Interim Results
Monteagle Holdings
29 June 2000
INTERIM REPORT 2000
The consolidated results for the Monteagle Group for the six months ended 31st
March 2000 are set out on the following pages. Turnover for the group including
associated companies has increased to US$27,287,000 for the six months to 31st
March 2000 compared to US$20,523,000 for the same period last year, mainly
because of continued growth by Ariston Holdings Ltd, our agri-business
associated company listed in Zimbabwe.
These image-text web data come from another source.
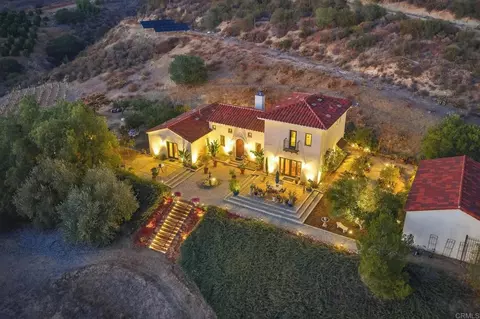 2970 El Coyote Run, Fallbrook, CA 92028 photo 5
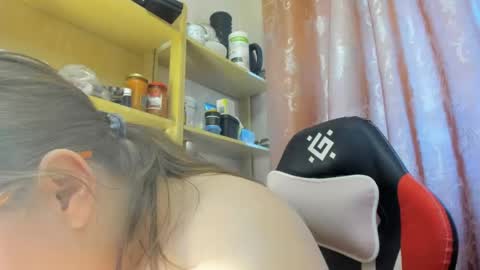 seductive_she_wolf online show from April 27, 2:53 am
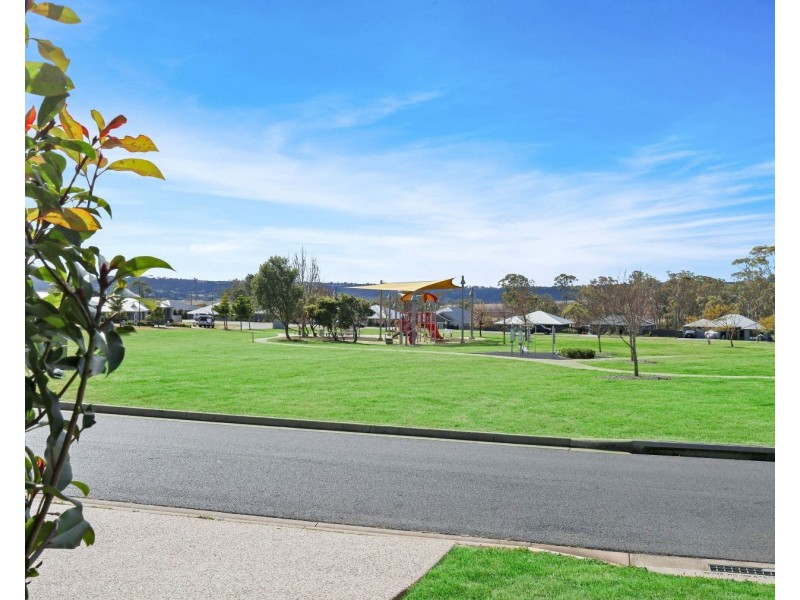 1 Vanessa Crescent, Cotswold Hills QLD 4350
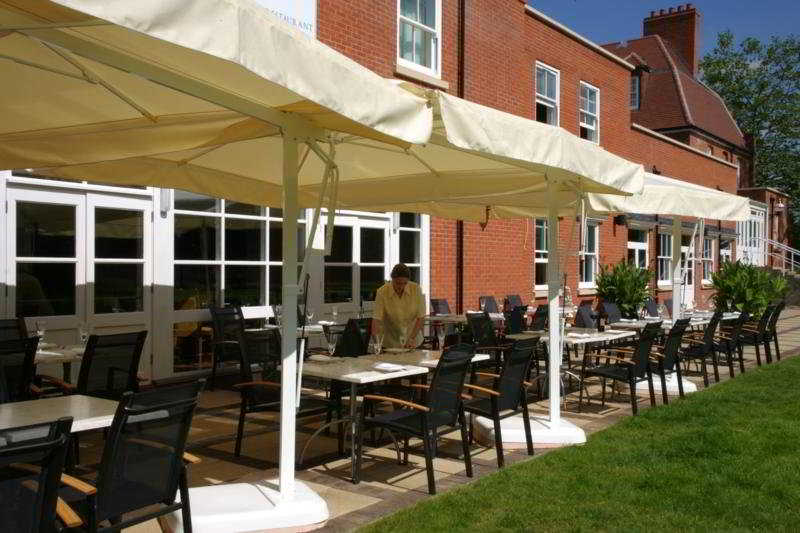 Bar
 di Pinewood Hotel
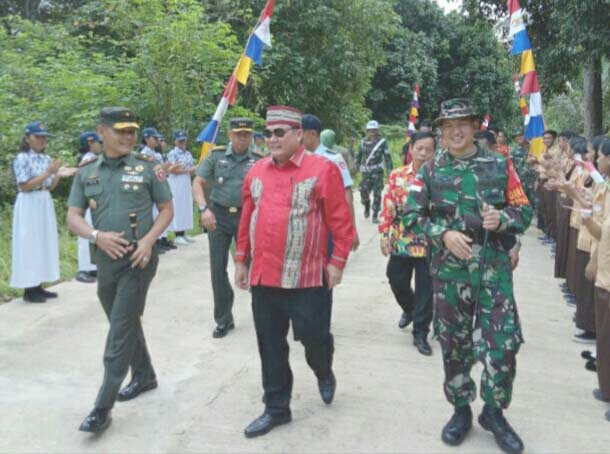 Bupati Kubar FX Yapan Bersama Danrem 091 Aji Suryanata Kesuma Brigjen TNI Irham Waroihan S.Sos dan Dandim 0912/KBR Letkol INF Rudi Setiawan SE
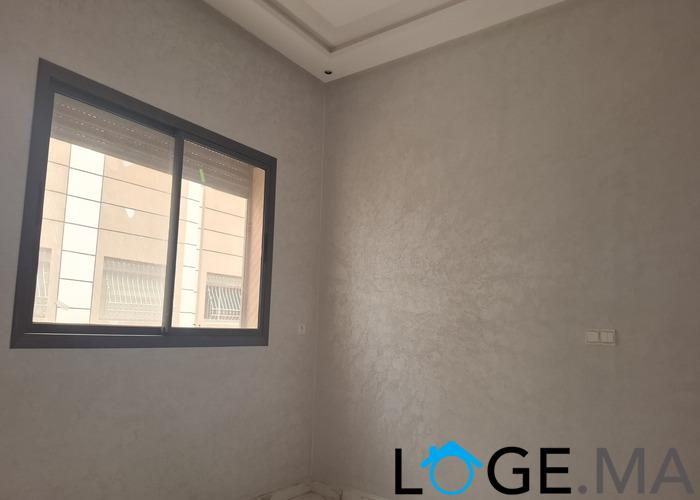 Appartement a vendre dans R+2 escalier commun au 2 ème étage à el jadida.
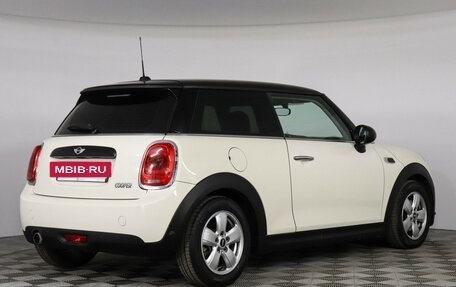 MINI Hatch, 2017 год, 1 947 000 рублей, 5 фотография
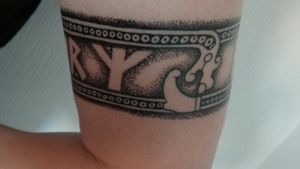 Bracelet rune with dragon. #Vikings #bracelettattoo #dotworktattoo #blackworktattoo #norsemythology #Runes #runestattoo #armband #pagantattoo 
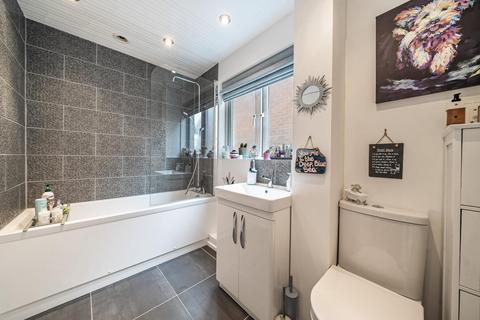 49 Coe Avenue, London, SE25 5HW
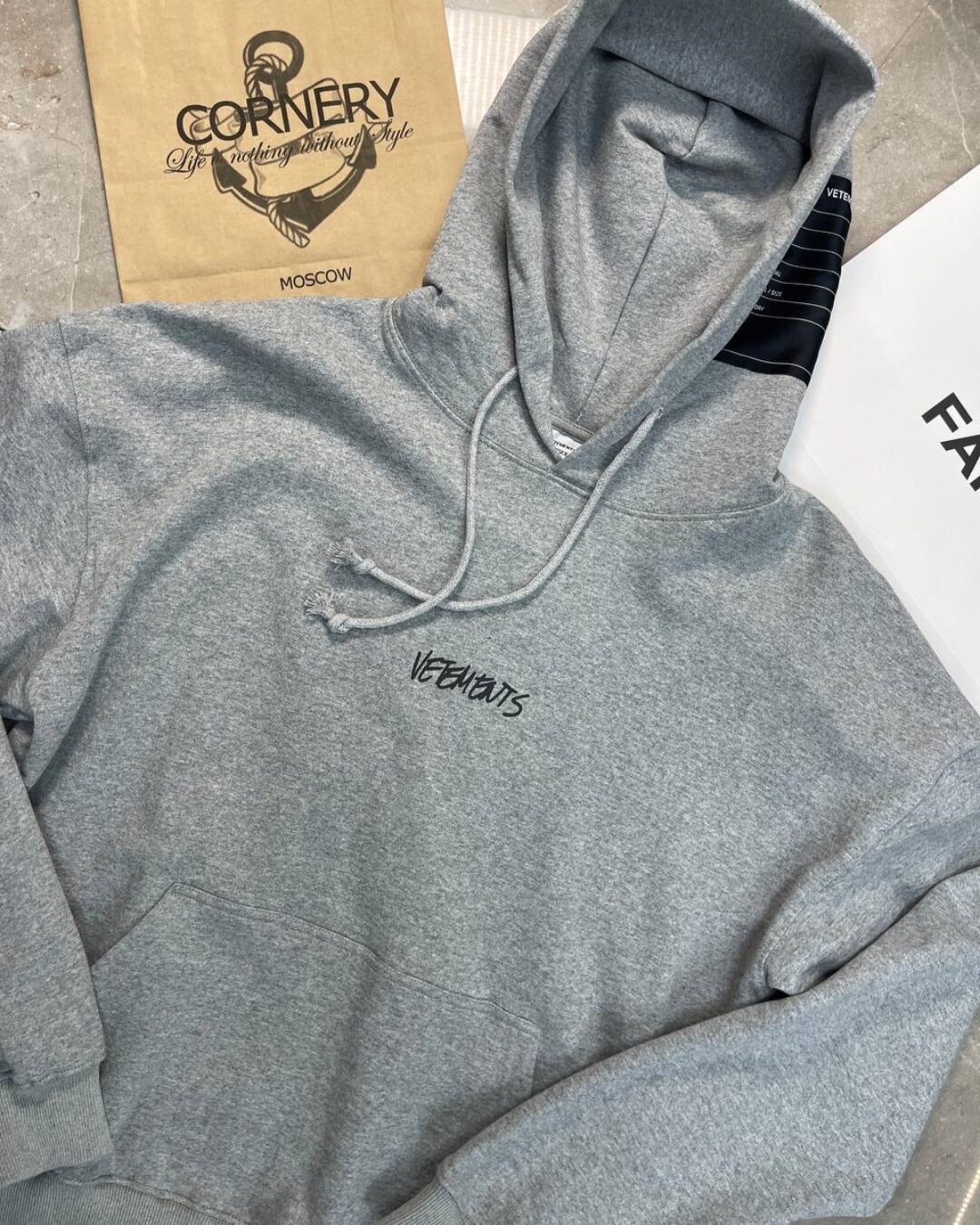 Худи Vetements — изображение 3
Profit before taxation has increased
from US$1,828,000 to US$2,116,000 and this is analysed by activity in note 2.
Shareholders were advised in the Annual Report that our agri-business subsidiary
Conafex had sold some farming operations in Zimbabwe on 1st October 1999. This
has generated an exceptional profit of US$1,181,000 which is included in the
results of the farming operations for the six months ended 31st March 2000.
Farming and gold mining operations in Zimbabwe, owned by subsidiaries and
through associated companies, have all reported worse results than in the same
period last year because of the difficult economic circumstances in Zimbabwe.
Property operations in South Africa continue to struggle in a depressed market.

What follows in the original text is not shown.